An experiment with lowering the beer and wine age to 18 in much of the US in the 1970s did not work.  The national law needed to be changed back to age 21.  Elsewhere teens do not go to the extremes that are common to American culture.  We simply are not a modest or temperate culture, like the Netherlands.

The sales pitch of the marijuana lobby:

“Wouldn’t you rather have your teenage son driving stoned, rather than drunk?”  Both practices are very dangerous, and even more dangerous when stoned and drunk at the same time.

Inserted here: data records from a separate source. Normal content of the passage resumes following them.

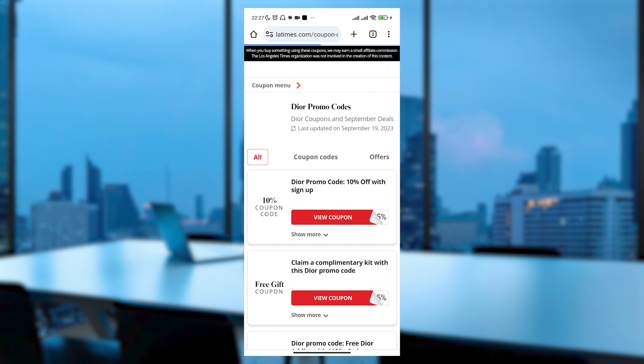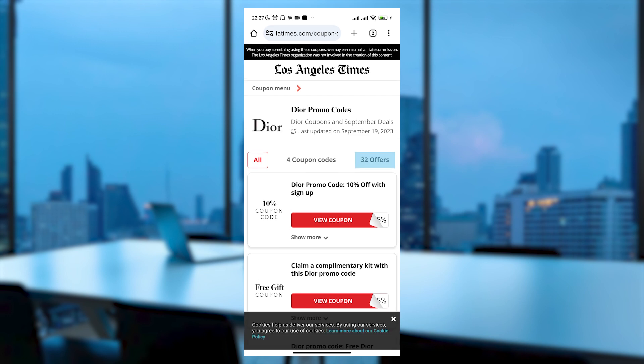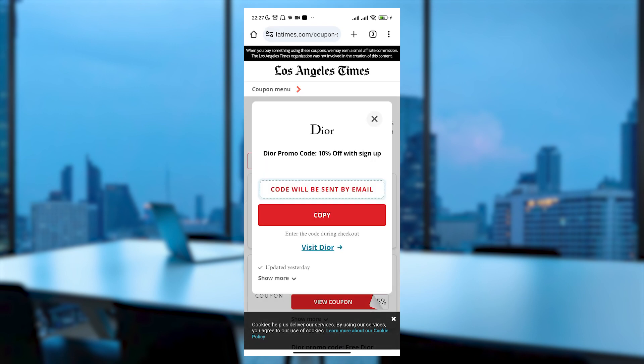Here you'll find various options such as a 10% off promo code that you can receive by signing up with your email on the Dior website. Once you sign up, they'll send you an email containing the code for a 10% discount on your purchase.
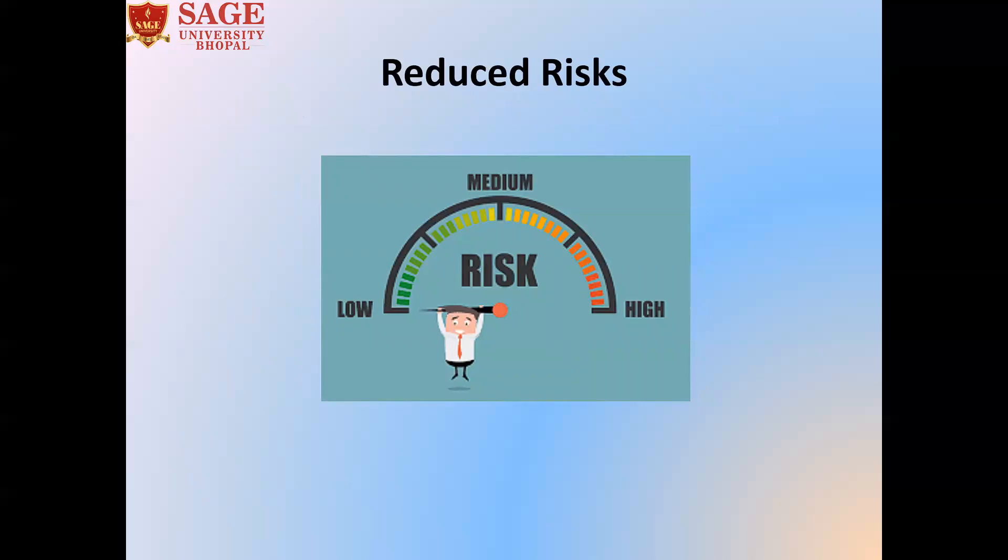Next is reduced risk. Projects with a complete prototyping process are at lower risk than projects without prototyping. This is because prototyping directly affects project resources, time and budget. Through prototyping, it is possible to estimate the resources needed and time for development.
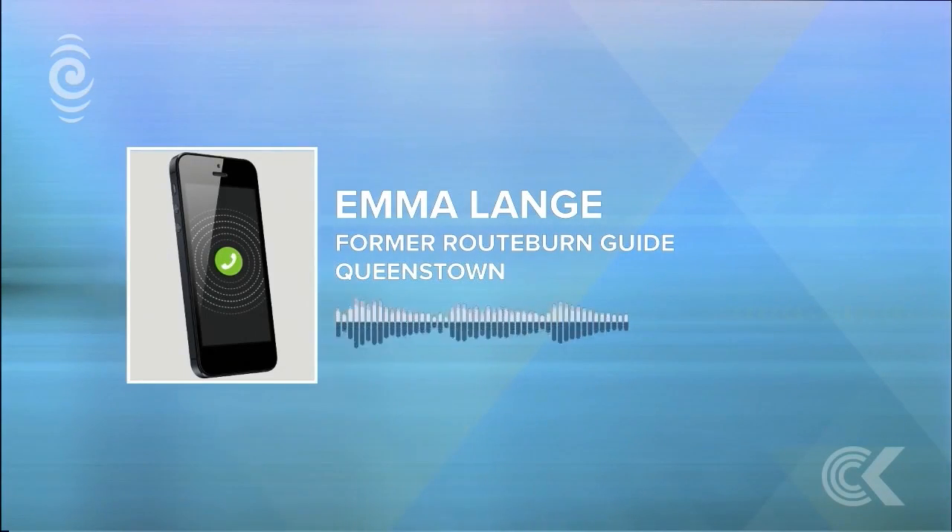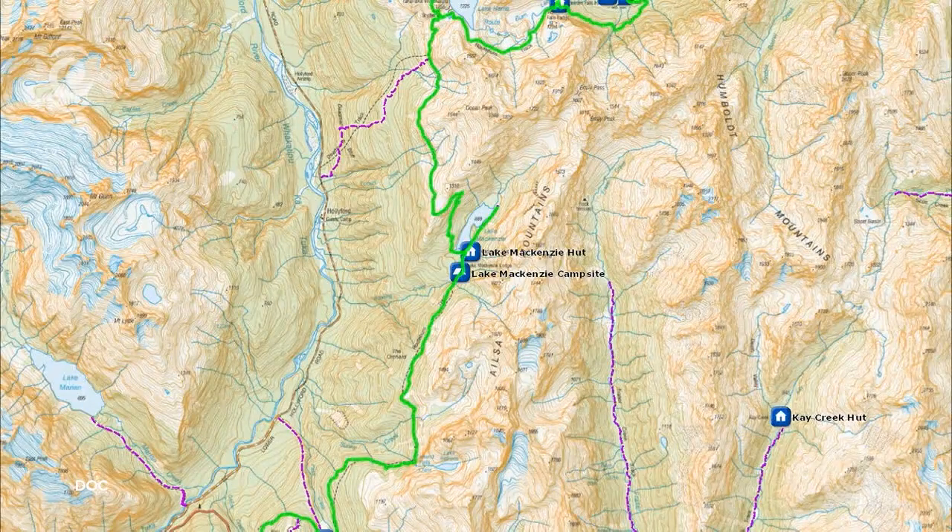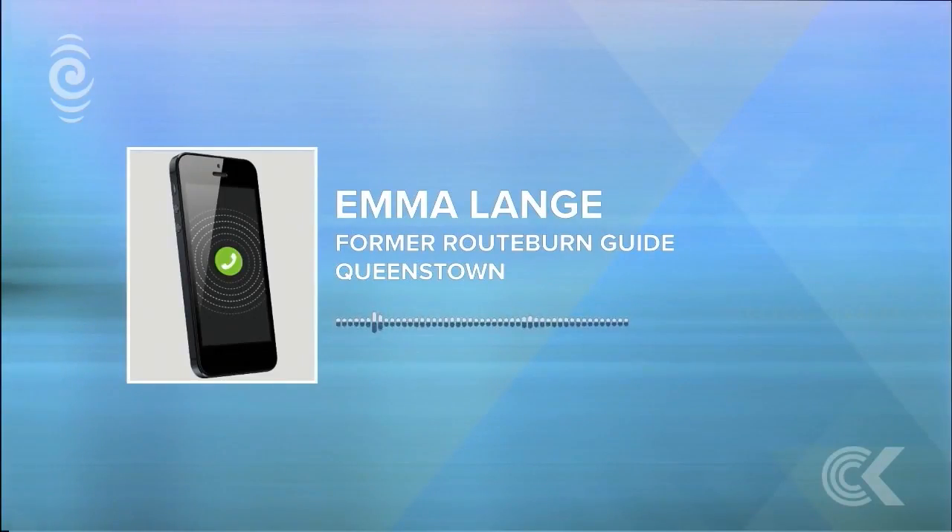Yes, I think it does. I've been through there many times in winter as well as summer. And the track does cut through a lot of avalanche paths. You've really got to have the skill set to know how to manage the track in winter, which is why Doc puts the closure up in winter — because you do have to have the confidence and the knowledge about how to move through snow. It could be icy. It's very possible that you'd have to negotiate a small avalanche or some ice. You've got to have your wits about you, definitely.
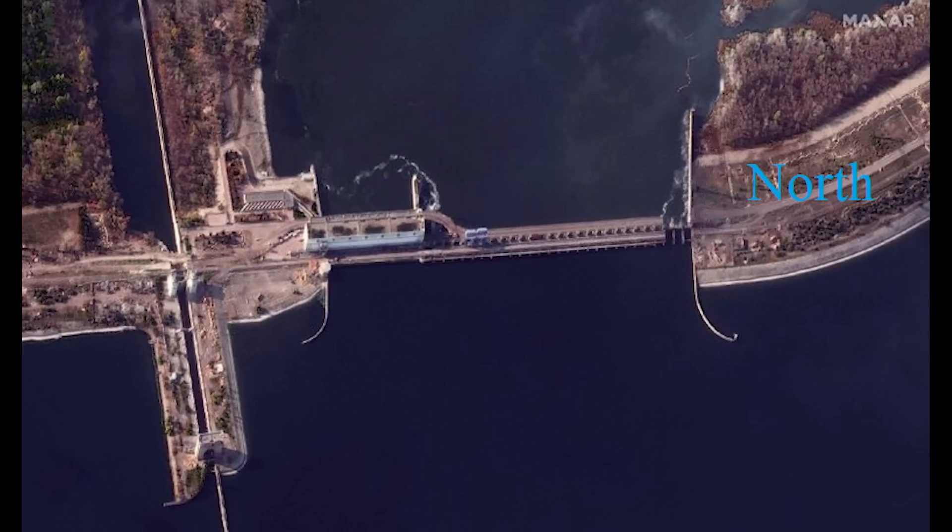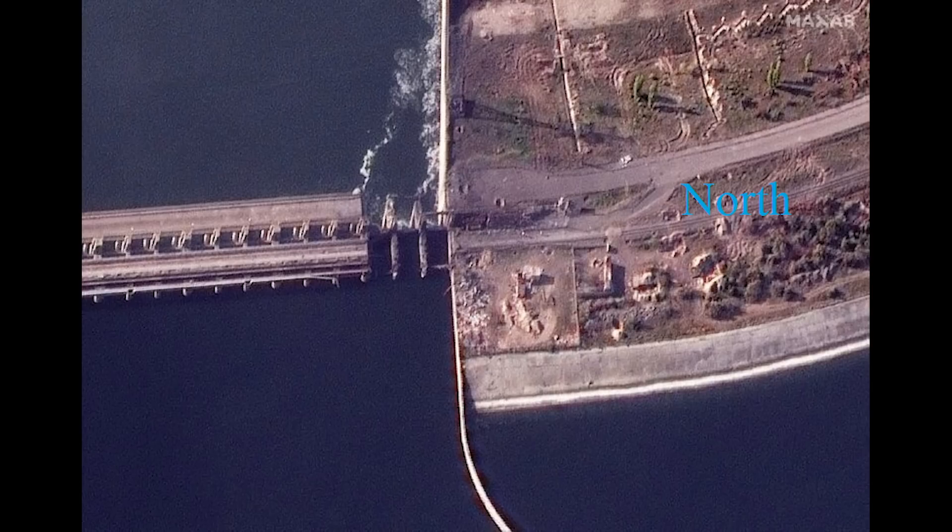Finally, we can take a look at the Novokokovka Bridge. This was Russia's main escape route along with the ferries and barges. On this image, bear in mind north is on the right-hand side of the screen. Zoomed in, we can see two spans have been destroyed by Russian engineers, rendering it unusable.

“I support legalization so marijuana can be on equal footing with alcohol.”   Pot users don’t have addiction equality yet, but statistics and studies show that 9% of marijuana users will be come addicted (approximately same rate as drinkers) and that rate jumps to 17% if they begin before age 17.

“No one has ever died from marijuana.”  The advocates claimed in the campaign for legalization in Colorado and Washington.  There have since been 2 deaths in Colorado this year directly attributed edible marijuana and many child-abuse deaths caused by the parents’ usage of marijuana.

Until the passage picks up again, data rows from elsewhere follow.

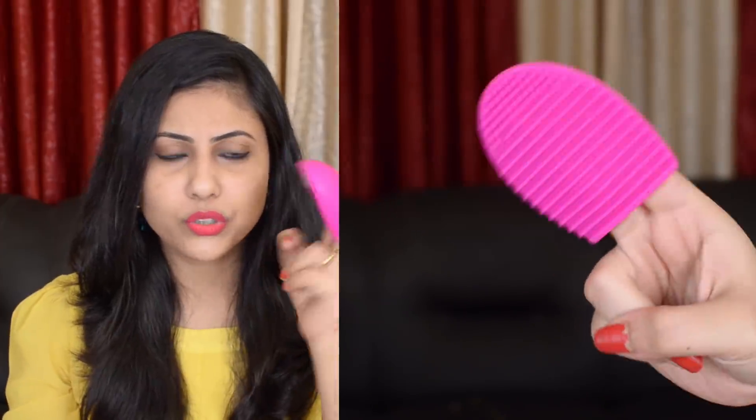Let me show you one by one what I got. First is a brush egg. If you don't know what a brush egg is, it is an egg-shaped cleanser for your makeup brushes — you put it on your fingers and clean your brushes on it. It looks really good quality, it's totally silicone, and I really love the color. It's a cute pink color, priced at Rs.69.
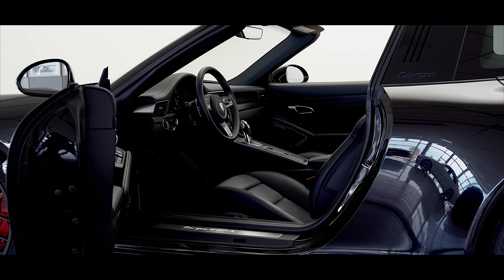Additional features include a rear wiper, adaptive cruise control, voice control, and door sill guards in stainless steel.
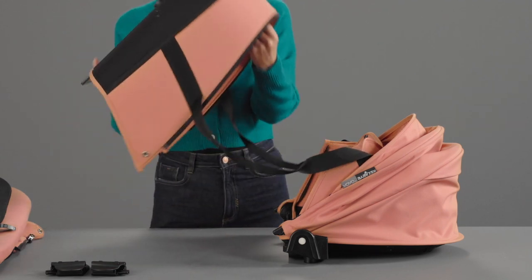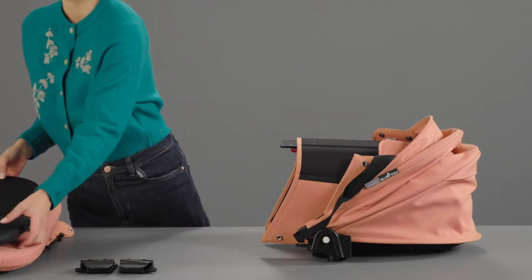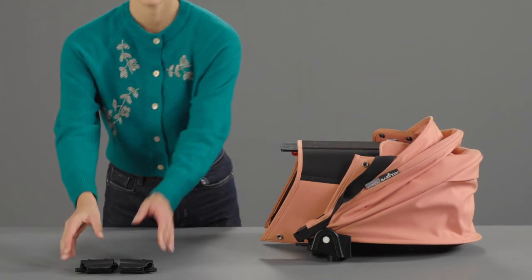All the BabyZen range has been thought to be folded so easily and so quickly that you will wonder why all your everyday objects haven't been created so smartly.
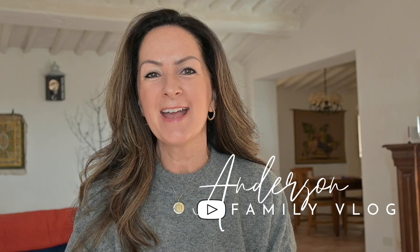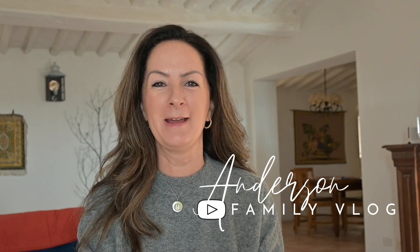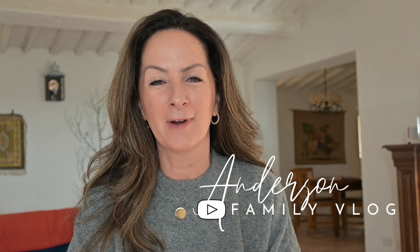Oh hi! Welcome back to my channel. Today I'm going to talk to you guys about the horrible experience we had trying to get Marley out of Malaysia.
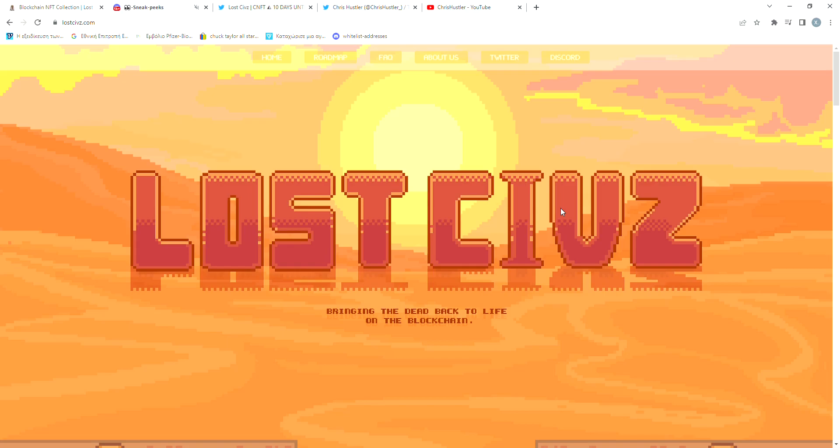A percentage of the royalties will also be used to create additional incentives, which will be voted on by the holders for stuff like the theme of the second collection, etc. In conclusion, I would say that this is a very cool NFT to hold, not only for the rewarding program but also for the amazing pixel art. But as always guys, do your own research before investing in anything, because I'm not a financial advisor.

Simplistic soundbites don’t tell the whole story.   Marijuana is not safer than alcohol, but it is used less frequently by Americans than pot.   Leah Allen’s account of growing up with a marijuana-addicted father is similar to what it would be like having a chronic alcoholic dad: negligent, irresponsible, violent to the mom and prone to anger when he could not have it.

Pot users could be 7% of adult Americans, vs. at about 66% who drink.  They’re asking us to change a law for the 7%, and Parents Opposed to Pot disagrees.  More people die from alcohol because it is and has been a larger part in society.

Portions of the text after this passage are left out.